Two different temperature determination methods were used. In the so-called correlation automated rotational fitting (CARF), a normalized cross correlation between the post-processed experimental excitation spectra and the temperature dependent simulated excitation spectra from a database generated using the spectrum simulation program COESC takes place. Each pixel is assigned the temperature for whose corresponding simulated spectrum the highest correlation value is obtained.

However, it turned out to be extremely difficult to capture the intensity peaks of the individual transitions under the unfavorable measurement conditions as in the free-stream of the PWT with CO-TAPLIF. Therefore, the CARF algorithm exhibited only moderate uniqueness in temperature correlation for signals with low SNR. In contrast, however, the experimental spectra accurately reproduced the average trend of increasing signal intensity with increasing wavelength for excitation in the B–X(0,0) vibrational band. Therefore, in the polynomial regression correlation (PRC) method developed in this work, the simulated spectra are reduced to their trend of increasing intensity with increasing wavelength by a polynomial least squares regression.

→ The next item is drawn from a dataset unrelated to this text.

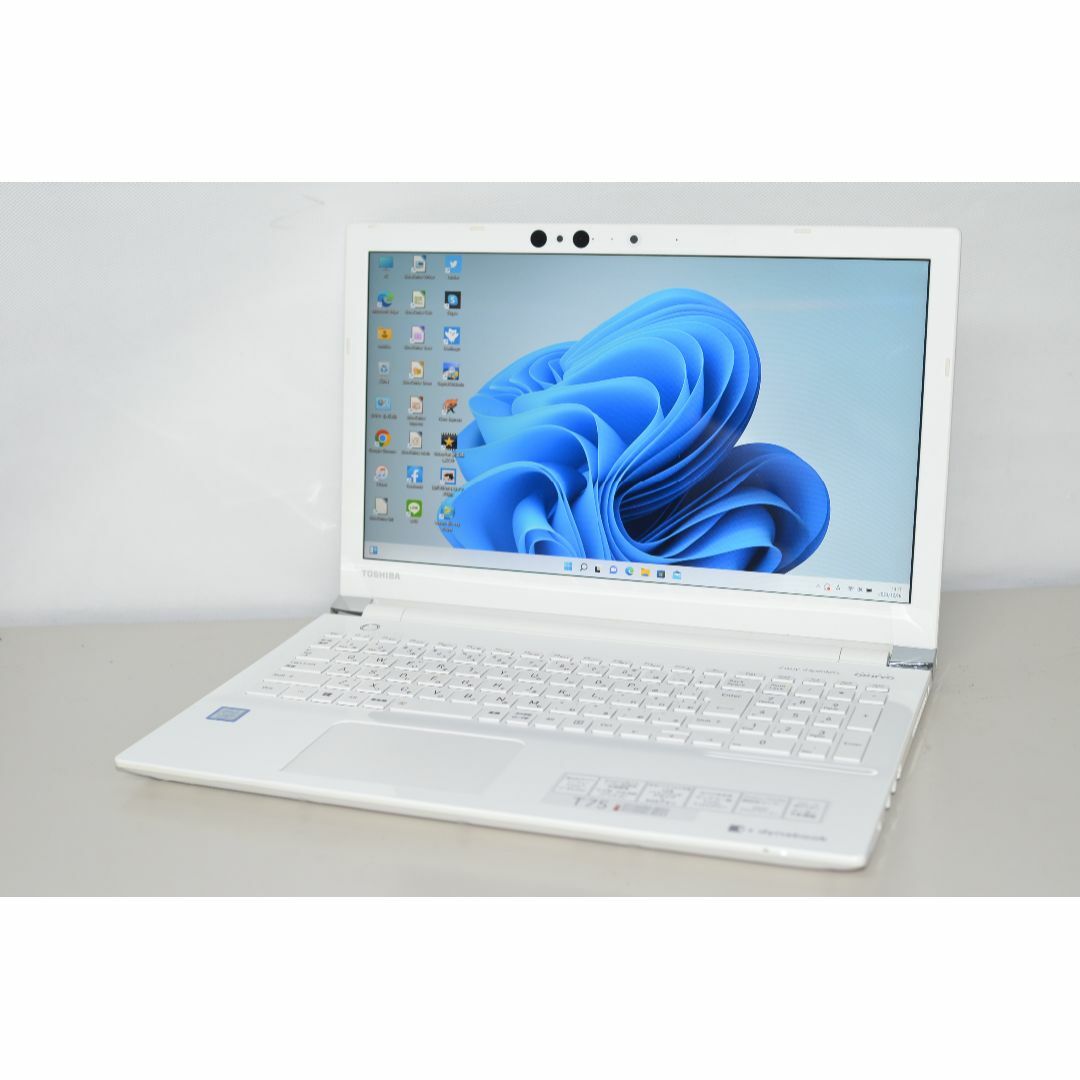 良品ノートパソコン 東芝dynabook SSD960GB型番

With a polynomial degree of 15, only the trend of the spectrum, but not the individual peaks, is mapped and, accordingly, a more distinct temperature correlation was achieved for signals with low SNR.

One-dimensional temperature measurements were performed using CO-TALIF in the free-stream of the PWT for three conditions in the medium- to high-enthalpy range (\({5.0}\, \hbox {MJ}/\hbox {kg}\) to \({10.5}\, \hbox {MJ}/\hbox {kg}\)), respectively. In order to define optimal experimental parameters for the following CO- TAPLIF measurements in the free-stream and to establish the data reduction, two-dimensional measurements were then carried out in a steadystate test chamber at room temperature. Finally, CO-TAPLIF temperature measurements were performed in a medium- to high-enthalpy free-stream of the PWT at stagnation enthalpies of \({4.5}\, \hbox {MJ}/\hbox {kg}\) and \({9.0}\, \hbox {MJ}/\hbox {kg}\).

The results of the one- and two-dimensional temperature measurements provided plausible results concerning both the values and the course in radial and axial direction, the latter being, to the authors’ knowledge, the first two-dimensional temperature measurements under such experimental conditions using CO-TALIF.

The experience gained from this study is currently being applied to investigate a newly developed magnetic nozzle plasma thruster at the Institut für Thermodynamik. A similar laser setup, combined with light sheet optic, is used here to measure atom and ion temperatures.

To realize a more accurate temperature determination at the PWT with higher spatial resolution also for the planar measurements, the focus will primarily be on a further optimization of the SNR, for which initial investigations have already been carried out as part of this work and which will be continued in future studies.